§ **What you are asked to do**
Copy, word for word, the lines below from the one containing "Then on this" up to and including the one containing "Hi, I'm Chris", with pictures left out.

§ **Data shown**
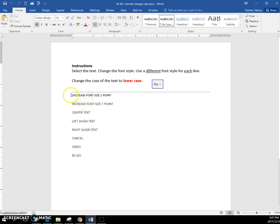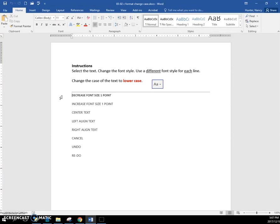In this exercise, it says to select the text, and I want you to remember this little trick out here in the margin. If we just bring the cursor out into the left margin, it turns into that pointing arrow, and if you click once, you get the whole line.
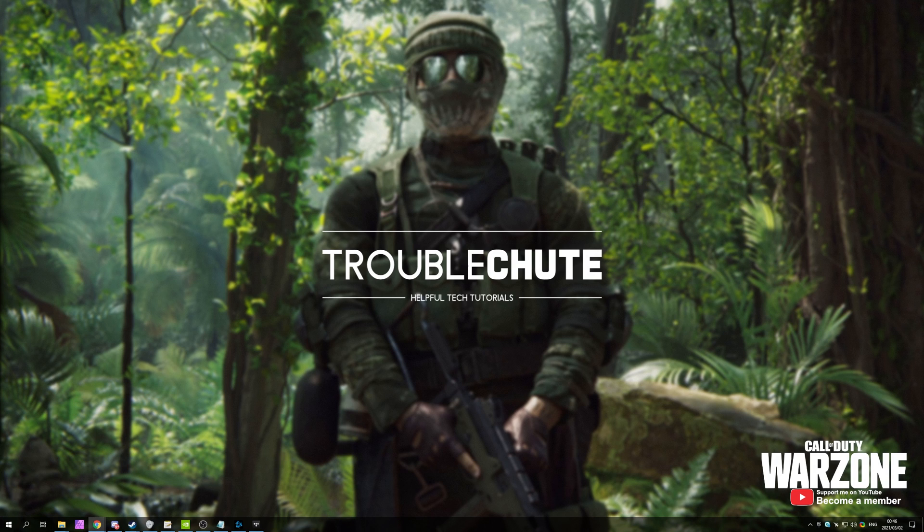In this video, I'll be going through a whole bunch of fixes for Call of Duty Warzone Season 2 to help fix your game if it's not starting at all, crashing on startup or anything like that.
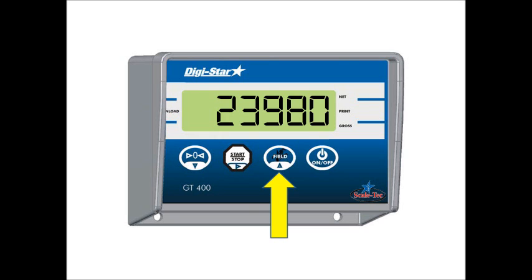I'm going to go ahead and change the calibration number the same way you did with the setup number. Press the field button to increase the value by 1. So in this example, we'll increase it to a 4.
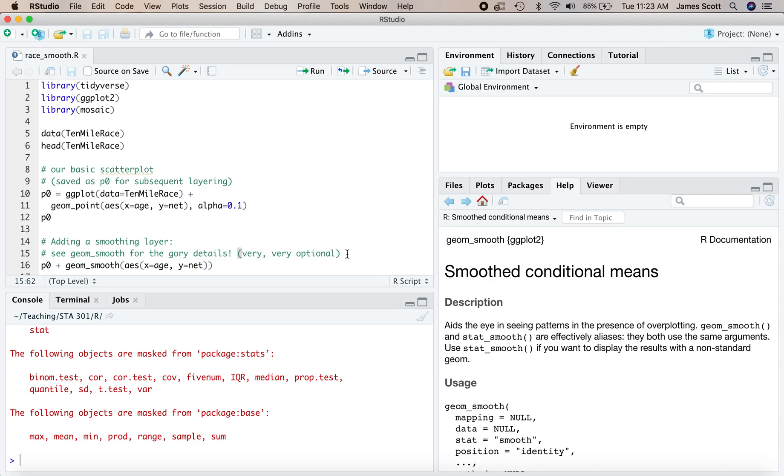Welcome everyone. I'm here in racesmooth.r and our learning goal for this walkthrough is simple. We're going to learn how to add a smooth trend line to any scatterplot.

...

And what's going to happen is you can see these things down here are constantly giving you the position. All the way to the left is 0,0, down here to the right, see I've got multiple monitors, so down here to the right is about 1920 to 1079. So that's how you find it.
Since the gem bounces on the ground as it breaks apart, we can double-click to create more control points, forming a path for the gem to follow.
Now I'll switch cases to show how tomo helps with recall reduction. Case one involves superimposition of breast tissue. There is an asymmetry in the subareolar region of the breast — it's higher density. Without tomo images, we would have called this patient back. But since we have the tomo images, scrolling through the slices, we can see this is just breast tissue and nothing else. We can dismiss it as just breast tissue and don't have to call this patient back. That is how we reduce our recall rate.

...

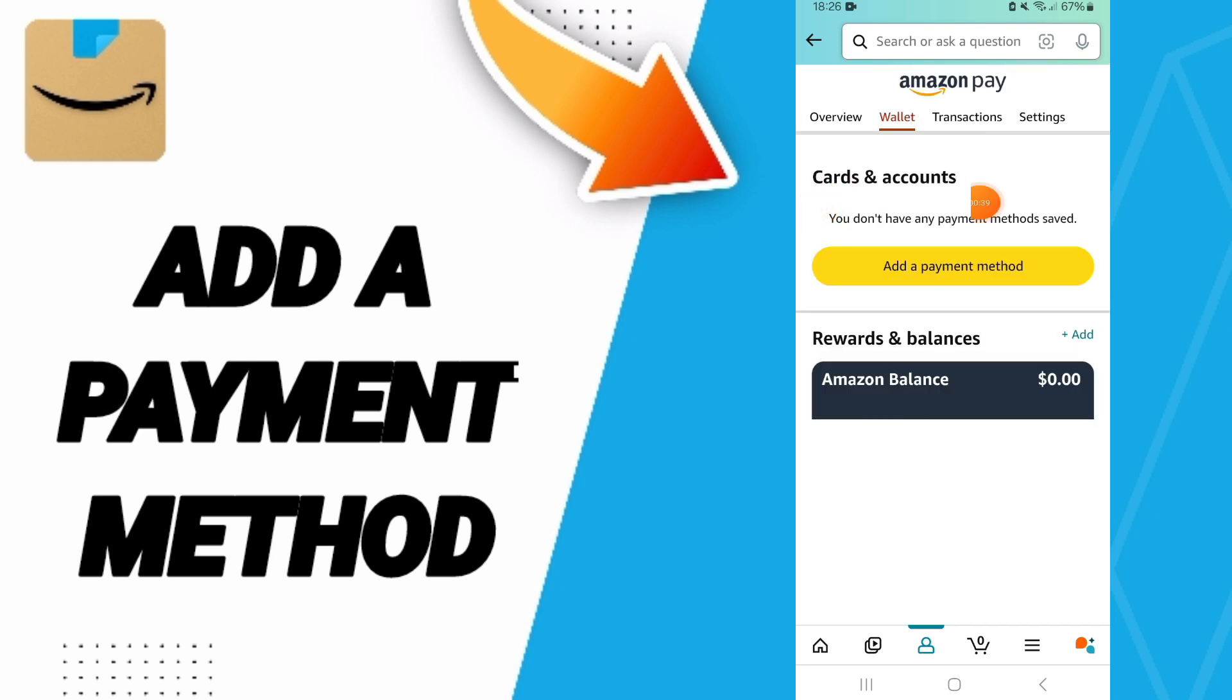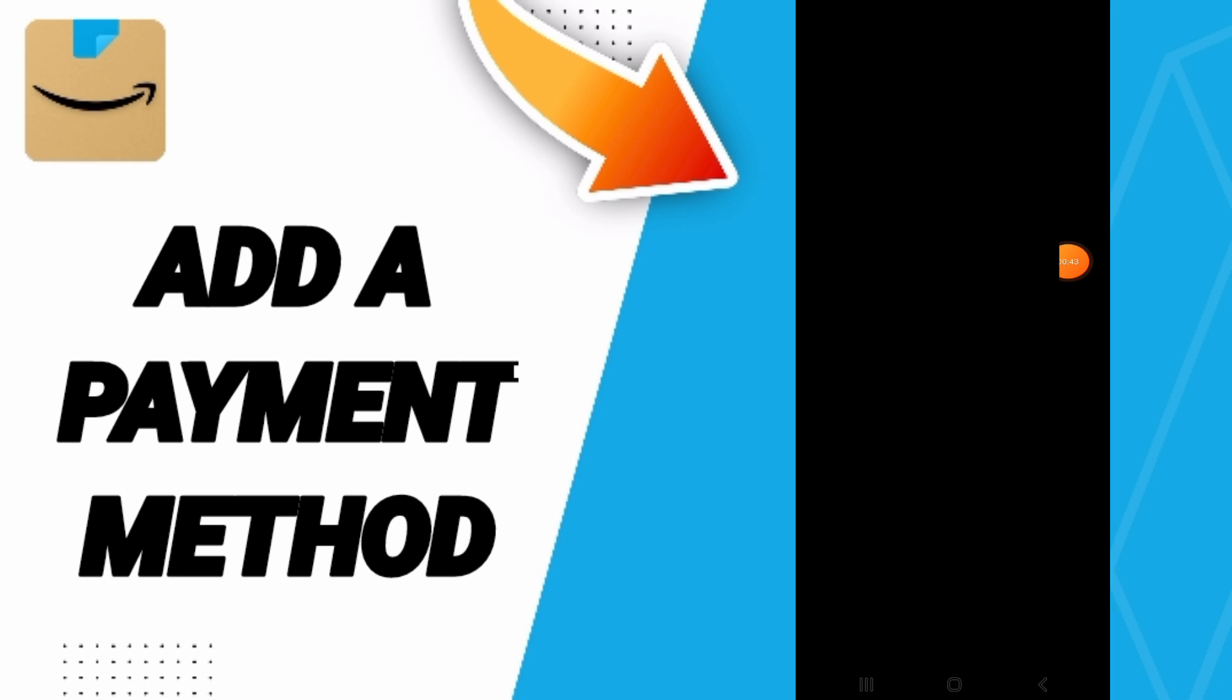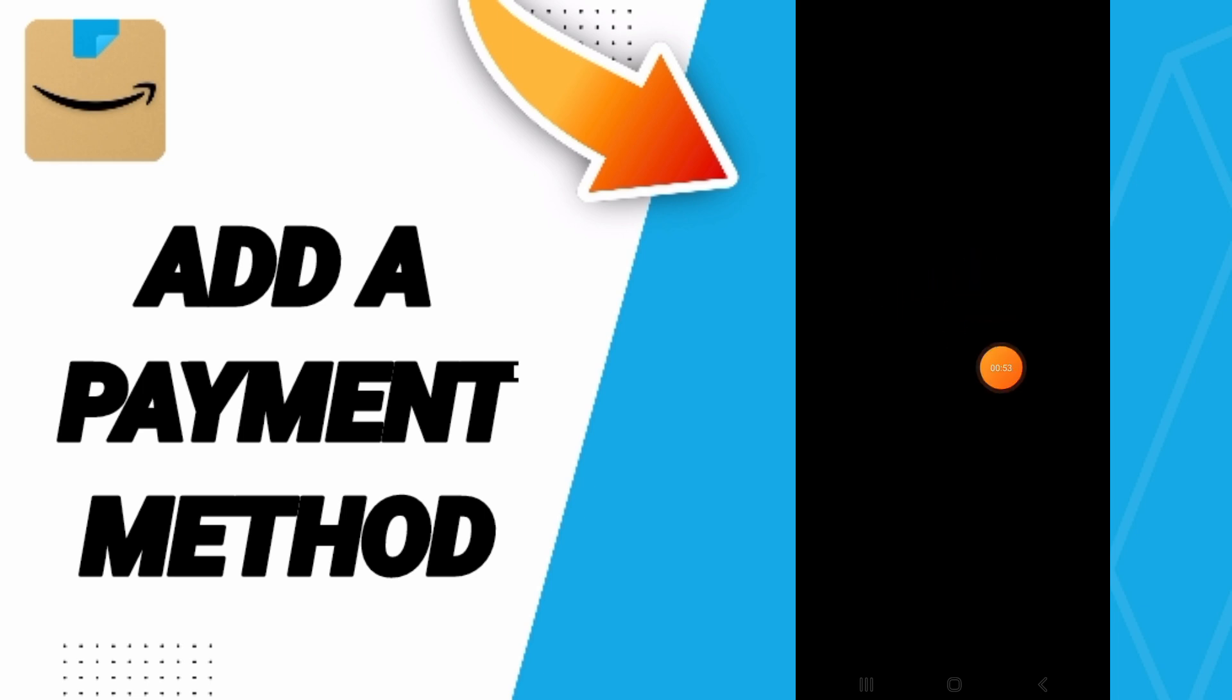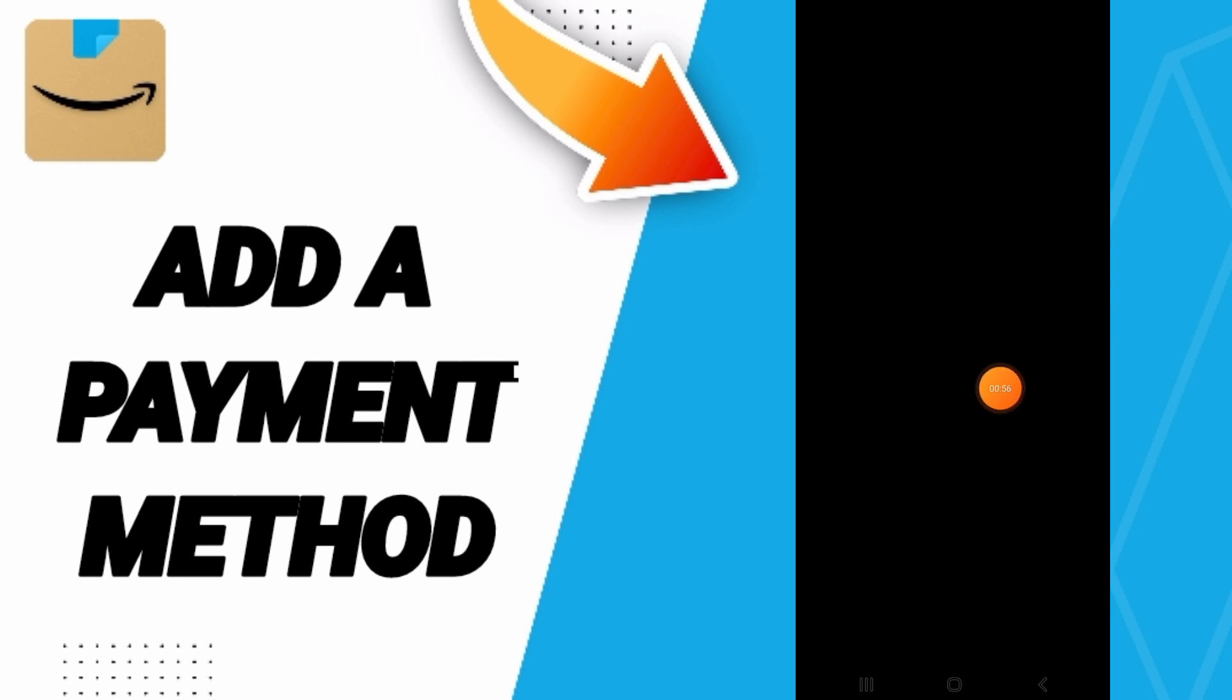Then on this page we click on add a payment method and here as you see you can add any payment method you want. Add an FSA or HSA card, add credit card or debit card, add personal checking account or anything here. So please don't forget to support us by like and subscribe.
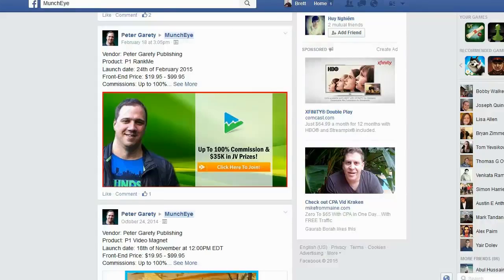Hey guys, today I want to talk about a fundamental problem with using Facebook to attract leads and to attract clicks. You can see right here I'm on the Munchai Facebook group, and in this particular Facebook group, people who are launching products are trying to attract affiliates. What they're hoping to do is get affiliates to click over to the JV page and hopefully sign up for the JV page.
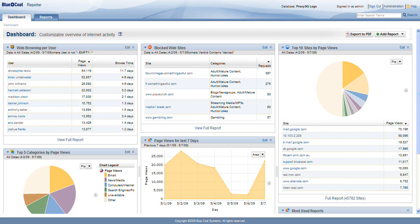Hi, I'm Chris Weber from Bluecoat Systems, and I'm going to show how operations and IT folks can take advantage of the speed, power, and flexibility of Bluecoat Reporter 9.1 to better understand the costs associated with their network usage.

§ **Output of the task**
Then on this page we click on add a payment method and here as you see you can add any payment method you want. Add an FSA or HSA card, add credit card or debit card, add personal checking account or anything here. So please don't forget to support us by like and subscribe.
Hey guys, today I want to talk about a fundamental problem with using Facebook to attract leads and to attract clicks. You can see right here I'm on the Munchai Facebook group, and in this particular Facebook group, people who are launching products are trying to attract affiliates. What they're hoping to do is get affiliates to click over to the JV page and hopefully sign up for the JV page.
Hi, I'm Chris Weber from Bluecoat Systems, and I'm going to show how operations and IT folks can take advantage of the speed, power, and flexibility of Bluecoat Reporter 9.1 to better understand the costs associated with their network usage.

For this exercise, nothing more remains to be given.